Think of HVCTS as a separate, annual charge paid by the owner, in addition to their normal Council Tax bill. It sits alongside the existing system, rather than replacing it.
It is not linked to Council Tax bands. Those bands are based on what a property would have sold for on 1 April 1991, and labels like F, G and H will not be used to decide HVCTS liability.
To work out who is in scope, the Valuation Office Agency will run a targeted valuation in 2026. If your home is assessed at £2 million or above, it will be placed into one of four HVCTS bands for charging. This process is entirely separate from Council Tax banding.
Those four HVCTS bands are set out in the Treasury factsheet: £2.0–£2.5m pays £2,500 a year; £2.5–£3.5m pays £3,500; £3.5–£5m pays £5,000; over £5m pays £7,500. Charges are planned to rise each year with CPI from 2029–30, and valuations will be refreshed every five years.

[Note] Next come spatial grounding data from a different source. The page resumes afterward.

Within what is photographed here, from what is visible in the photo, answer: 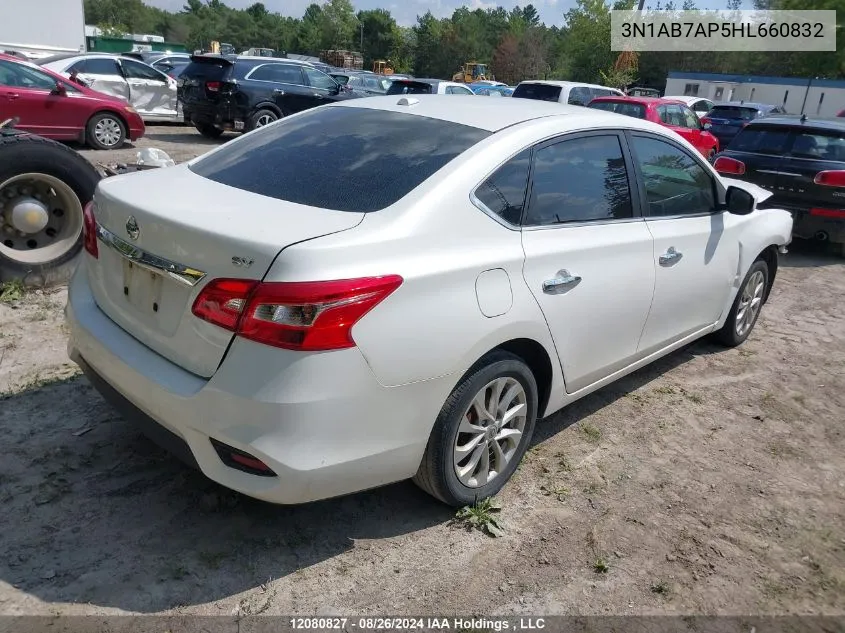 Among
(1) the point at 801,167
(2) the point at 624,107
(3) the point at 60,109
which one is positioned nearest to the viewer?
(1) the point at 801,167

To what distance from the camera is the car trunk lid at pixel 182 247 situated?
244 cm

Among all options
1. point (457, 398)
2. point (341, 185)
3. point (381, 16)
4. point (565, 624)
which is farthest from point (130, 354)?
point (381, 16)

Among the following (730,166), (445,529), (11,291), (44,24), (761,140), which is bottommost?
(445,529)

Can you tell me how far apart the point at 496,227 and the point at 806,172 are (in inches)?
266

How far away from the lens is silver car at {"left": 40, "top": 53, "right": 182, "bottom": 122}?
14.2m

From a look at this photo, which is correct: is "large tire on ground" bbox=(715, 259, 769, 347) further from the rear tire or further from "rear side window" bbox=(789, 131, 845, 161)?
the rear tire

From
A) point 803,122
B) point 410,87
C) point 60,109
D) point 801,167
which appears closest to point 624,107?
point 803,122

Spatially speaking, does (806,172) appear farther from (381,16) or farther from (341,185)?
(381,16)

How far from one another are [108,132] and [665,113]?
33.7 ft

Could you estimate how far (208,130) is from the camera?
1510 centimetres

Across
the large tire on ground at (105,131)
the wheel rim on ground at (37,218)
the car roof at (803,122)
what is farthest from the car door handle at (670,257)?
the large tire on ground at (105,131)

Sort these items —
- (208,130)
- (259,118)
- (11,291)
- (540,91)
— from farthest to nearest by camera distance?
(540,91)
(208,130)
(259,118)
(11,291)

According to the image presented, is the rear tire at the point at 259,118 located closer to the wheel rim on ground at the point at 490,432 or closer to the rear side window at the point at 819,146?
the rear side window at the point at 819,146

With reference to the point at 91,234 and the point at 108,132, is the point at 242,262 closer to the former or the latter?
the point at 91,234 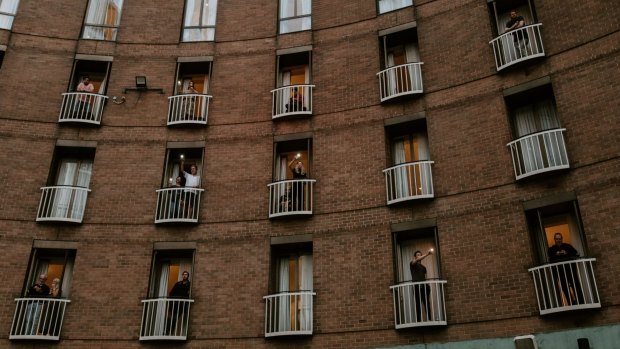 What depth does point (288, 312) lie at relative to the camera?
49.1ft

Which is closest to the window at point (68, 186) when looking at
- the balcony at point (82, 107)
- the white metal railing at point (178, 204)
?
the balcony at point (82, 107)

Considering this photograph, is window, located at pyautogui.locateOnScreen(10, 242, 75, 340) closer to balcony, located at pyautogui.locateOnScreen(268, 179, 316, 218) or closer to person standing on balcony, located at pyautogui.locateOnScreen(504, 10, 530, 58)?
balcony, located at pyautogui.locateOnScreen(268, 179, 316, 218)

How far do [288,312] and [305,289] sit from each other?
0.89 m

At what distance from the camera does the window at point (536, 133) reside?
1381 cm

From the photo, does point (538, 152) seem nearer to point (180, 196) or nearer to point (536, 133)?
point (536, 133)

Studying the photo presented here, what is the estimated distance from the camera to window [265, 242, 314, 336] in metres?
14.8

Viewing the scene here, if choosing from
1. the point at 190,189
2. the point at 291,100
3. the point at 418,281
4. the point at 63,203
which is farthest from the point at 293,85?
the point at 63,203

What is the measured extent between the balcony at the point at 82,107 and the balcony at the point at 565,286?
1380cm

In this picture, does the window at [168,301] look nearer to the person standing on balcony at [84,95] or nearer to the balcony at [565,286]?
the person standing on balcony at [84,95]

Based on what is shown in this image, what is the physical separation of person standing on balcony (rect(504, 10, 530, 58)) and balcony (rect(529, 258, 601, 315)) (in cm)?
591

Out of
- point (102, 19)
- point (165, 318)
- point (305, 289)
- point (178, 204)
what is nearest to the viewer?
point (165, 318)

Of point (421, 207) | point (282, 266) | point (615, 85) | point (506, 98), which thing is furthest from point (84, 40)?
point (615, 85)

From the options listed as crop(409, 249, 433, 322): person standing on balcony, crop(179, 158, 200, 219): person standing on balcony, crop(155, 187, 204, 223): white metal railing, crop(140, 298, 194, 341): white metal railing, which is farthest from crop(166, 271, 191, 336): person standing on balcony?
crop(409, 249, 433, 322): person standing on balcony

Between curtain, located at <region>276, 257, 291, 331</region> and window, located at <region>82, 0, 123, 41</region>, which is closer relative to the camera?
curtain, located at <region>276, 257, 291, 331</region> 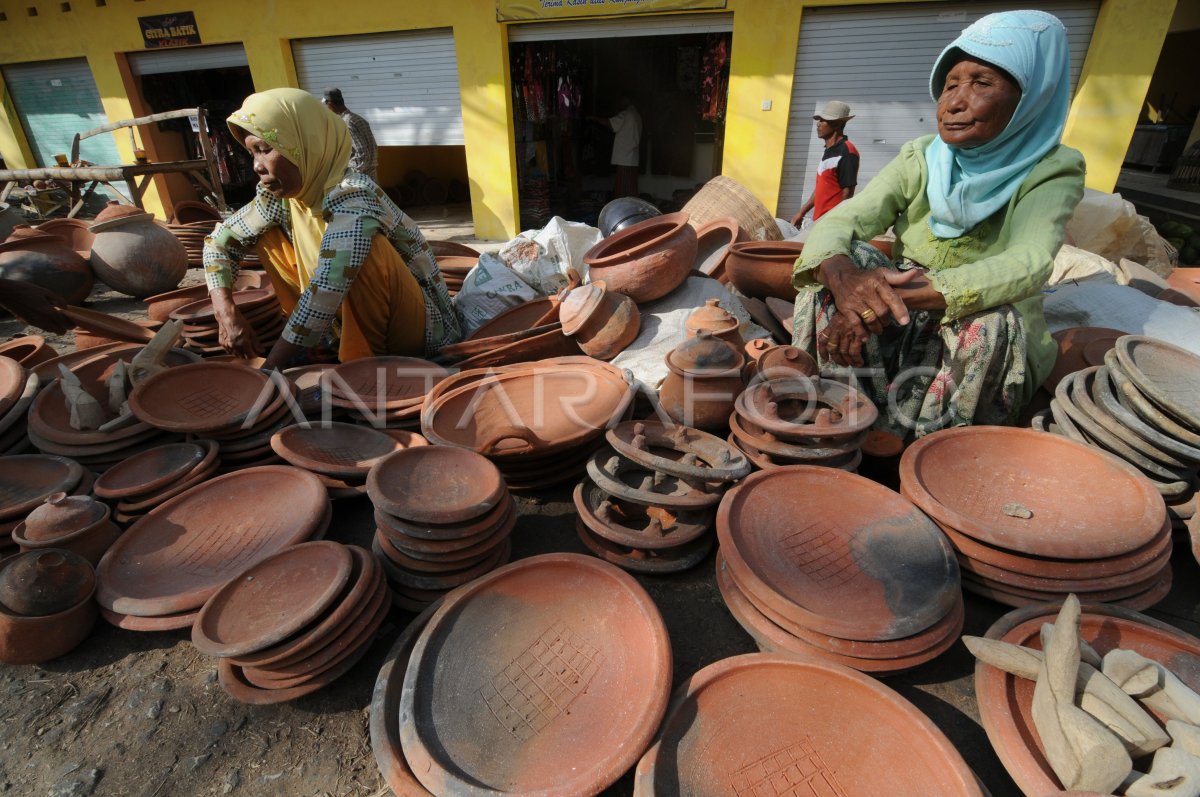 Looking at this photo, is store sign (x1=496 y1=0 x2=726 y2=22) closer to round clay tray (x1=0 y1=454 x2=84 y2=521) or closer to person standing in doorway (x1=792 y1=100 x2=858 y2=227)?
person standing in doorway (x1=792 y1=100 x2=858 y2=227)

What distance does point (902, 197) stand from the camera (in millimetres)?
2537

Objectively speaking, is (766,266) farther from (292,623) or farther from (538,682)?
(292,623)

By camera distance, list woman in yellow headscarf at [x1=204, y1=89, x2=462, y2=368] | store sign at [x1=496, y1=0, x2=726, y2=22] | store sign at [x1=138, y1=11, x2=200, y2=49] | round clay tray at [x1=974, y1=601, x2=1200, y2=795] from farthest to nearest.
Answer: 1. store sign at [x1=138, y1=11, x2=200, y2=49]
2. store sign at [x1=496, y1=0, x2=726, y2=22]
3. woman in yellow headscarf at [x1=204, y1=89, x2=462, y2=368]
4. round clay tray at [x1=974, y1=601, x2=1200, y2=795]

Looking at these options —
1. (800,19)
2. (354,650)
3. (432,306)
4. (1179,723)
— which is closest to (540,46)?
(800,19)

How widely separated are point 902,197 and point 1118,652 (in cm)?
194

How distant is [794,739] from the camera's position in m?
1.35

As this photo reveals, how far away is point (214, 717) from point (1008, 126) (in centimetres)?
330

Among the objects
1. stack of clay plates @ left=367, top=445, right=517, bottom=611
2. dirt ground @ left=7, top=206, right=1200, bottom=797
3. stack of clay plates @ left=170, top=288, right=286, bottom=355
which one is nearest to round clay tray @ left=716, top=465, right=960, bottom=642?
dirt ground @ left=7, top=206, right=1200, bottom=797

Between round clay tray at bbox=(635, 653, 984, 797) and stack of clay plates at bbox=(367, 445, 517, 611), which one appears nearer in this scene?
round clay tray at bbox=(635, 653, 984, 797)

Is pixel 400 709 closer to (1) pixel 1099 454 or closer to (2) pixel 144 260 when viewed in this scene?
(1) pixel 1099 454

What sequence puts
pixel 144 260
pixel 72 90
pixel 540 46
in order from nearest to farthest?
pixel 144 260, pixel 540 46, pixel 72 90

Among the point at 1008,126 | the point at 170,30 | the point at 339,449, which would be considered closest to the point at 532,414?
the point at 339,449

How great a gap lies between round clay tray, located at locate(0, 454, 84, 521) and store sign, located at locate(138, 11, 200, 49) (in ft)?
28.6

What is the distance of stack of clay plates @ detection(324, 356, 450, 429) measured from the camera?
2557 millimetres
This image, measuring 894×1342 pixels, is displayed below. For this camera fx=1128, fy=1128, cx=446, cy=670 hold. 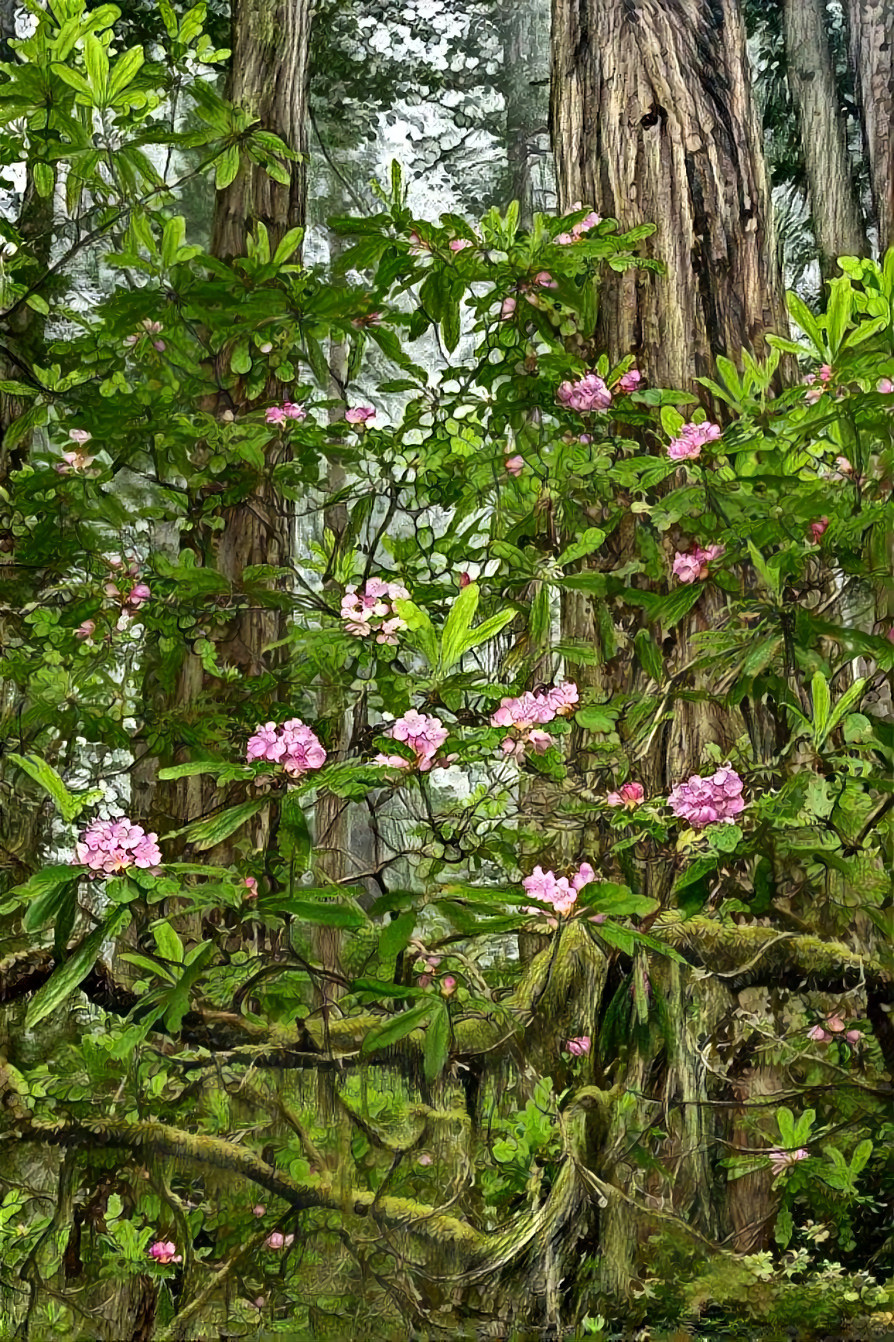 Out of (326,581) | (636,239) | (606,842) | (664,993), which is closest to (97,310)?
(326,581)

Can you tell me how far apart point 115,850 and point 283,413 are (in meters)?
0.59

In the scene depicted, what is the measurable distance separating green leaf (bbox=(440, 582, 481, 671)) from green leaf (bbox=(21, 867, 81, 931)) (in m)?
0.40

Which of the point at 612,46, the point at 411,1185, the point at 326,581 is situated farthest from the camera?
the point at 612,46

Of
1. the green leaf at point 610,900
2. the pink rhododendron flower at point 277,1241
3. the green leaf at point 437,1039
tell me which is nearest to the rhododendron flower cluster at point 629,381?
the green leaf at point 610,900

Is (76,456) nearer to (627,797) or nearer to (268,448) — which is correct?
(268,448)

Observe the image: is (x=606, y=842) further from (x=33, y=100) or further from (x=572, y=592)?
(x=33, y=100)

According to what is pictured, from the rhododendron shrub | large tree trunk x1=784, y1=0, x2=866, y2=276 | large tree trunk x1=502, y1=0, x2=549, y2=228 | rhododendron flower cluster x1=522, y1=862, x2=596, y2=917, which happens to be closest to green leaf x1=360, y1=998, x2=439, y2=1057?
the rhododendron shrub

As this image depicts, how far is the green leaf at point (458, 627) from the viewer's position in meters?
1.05

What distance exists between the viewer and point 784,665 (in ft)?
4.13

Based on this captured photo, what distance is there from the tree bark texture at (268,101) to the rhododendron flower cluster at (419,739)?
2.69ft

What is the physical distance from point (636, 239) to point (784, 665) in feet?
1.83

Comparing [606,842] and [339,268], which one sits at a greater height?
[339,268]

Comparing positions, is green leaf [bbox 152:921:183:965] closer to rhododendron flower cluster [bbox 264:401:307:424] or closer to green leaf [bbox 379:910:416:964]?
green leaf [bbox 379:910:416:964]

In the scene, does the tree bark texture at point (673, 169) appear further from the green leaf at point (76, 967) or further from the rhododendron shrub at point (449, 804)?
the green leaf at point (76, 967) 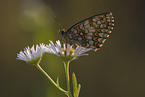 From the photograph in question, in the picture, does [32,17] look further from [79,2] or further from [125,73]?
[125,73]

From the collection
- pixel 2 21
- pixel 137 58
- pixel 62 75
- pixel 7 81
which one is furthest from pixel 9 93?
pixel 137 58

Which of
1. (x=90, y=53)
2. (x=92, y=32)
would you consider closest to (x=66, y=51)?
(x=92, y=32)

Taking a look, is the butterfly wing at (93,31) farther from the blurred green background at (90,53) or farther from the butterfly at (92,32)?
the blurred green background at (90,53)

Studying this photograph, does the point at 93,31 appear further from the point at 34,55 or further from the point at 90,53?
the point at 90,53

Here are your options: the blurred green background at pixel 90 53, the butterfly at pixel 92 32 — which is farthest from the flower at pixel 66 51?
the blurred green background at pixel 90 53

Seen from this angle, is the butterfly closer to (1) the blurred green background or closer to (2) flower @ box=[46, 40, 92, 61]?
(2) flower @ box=[46, 40, 92, 61] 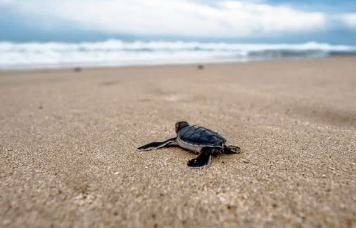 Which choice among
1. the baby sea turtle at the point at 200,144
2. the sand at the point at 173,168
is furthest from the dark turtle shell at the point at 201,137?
the sand at the point at 173,168

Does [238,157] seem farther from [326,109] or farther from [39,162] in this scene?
[326,109]

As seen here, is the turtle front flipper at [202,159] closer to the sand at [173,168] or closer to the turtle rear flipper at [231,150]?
the sand at [173,168]

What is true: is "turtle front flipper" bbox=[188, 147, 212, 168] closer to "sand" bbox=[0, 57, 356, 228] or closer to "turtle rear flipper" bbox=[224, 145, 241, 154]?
"sand" bbox=[0, 57, 356, 228]

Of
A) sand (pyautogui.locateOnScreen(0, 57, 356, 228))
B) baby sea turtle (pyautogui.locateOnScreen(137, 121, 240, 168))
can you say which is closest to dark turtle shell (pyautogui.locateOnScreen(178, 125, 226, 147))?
baby sea turtle (pyautogui.locateOnScreen(137, 121, 240, 168))

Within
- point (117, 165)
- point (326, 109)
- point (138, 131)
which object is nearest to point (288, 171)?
point (117, 165)

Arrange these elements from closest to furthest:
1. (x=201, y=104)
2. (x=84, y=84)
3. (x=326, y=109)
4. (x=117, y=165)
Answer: (x=117, y=165) → (x=326, y=109) → (x=201, y=104) → (x=84, y=84)

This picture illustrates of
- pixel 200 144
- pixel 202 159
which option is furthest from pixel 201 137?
pixel 202 159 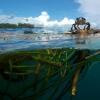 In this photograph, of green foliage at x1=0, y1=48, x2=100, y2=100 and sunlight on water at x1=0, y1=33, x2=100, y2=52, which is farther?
sunlight on water at x1=0, y1=33, x2=100, y2=52

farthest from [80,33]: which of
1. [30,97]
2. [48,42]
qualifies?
[30,97]

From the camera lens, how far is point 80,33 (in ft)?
44.9

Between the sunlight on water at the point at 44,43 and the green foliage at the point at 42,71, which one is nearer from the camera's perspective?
the green foliage at the point at 42,71

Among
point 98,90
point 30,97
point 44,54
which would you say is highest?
point 44,54

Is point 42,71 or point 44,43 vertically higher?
point 44,43

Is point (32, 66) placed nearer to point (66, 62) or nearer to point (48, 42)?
point (66, 62)

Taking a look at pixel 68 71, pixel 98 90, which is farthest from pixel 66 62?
pixel 98 90

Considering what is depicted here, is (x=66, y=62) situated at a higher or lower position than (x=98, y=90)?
higher

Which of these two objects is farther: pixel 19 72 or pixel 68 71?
pixel 68 71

Owners, not occupiers, are liable. Local councils will collect the surcharge for central government and will be funded for the extra admin. Ministers also say a targeted support scheme will be designed for those who may struggle to pay, with details consulted on.
Why introduce it at all? The factsheet points to fairness at the top end. It notes the average band D bill in England is about £2,280, which it says is roughly £250 more than a £10 million home in Westminster currently pays on band H. HVCTS is meant to narrow that gap.
What happens next? A public consultation on design is planned for early 2026, with the surcharge applying from April 2028. The Office for Budget Responsibility expects around £0.4bn in 2029–30, and ministers say fewer than one per cent of English homes will be in scope.
If you think your home might be near the £2 million mark, remember the assessment will be based on its value in 2026. You do not need to take action now; the government says the VOA will carry out the targeted valuation and explain next steps during the consultation.
If you rent, you will not be billed for HVCTS because it is an owner charge. And because HVCTS is separate, any decision about it will not change your existing Council Tax band.
Is this UK-wide? No. HVCTS applies to residential property in England. For context, Council Tax banding in England is still tied to 1 April 1991 values, while Wales uses 1 April 2003.
The short version is this: HVCTS is a new, separate annual charge for £2m+ homes in England from 2028. It does not revalue everyone’s Council Tax. Keep an eye on the early-2026 consultation and the official factsheet for updates you can trust.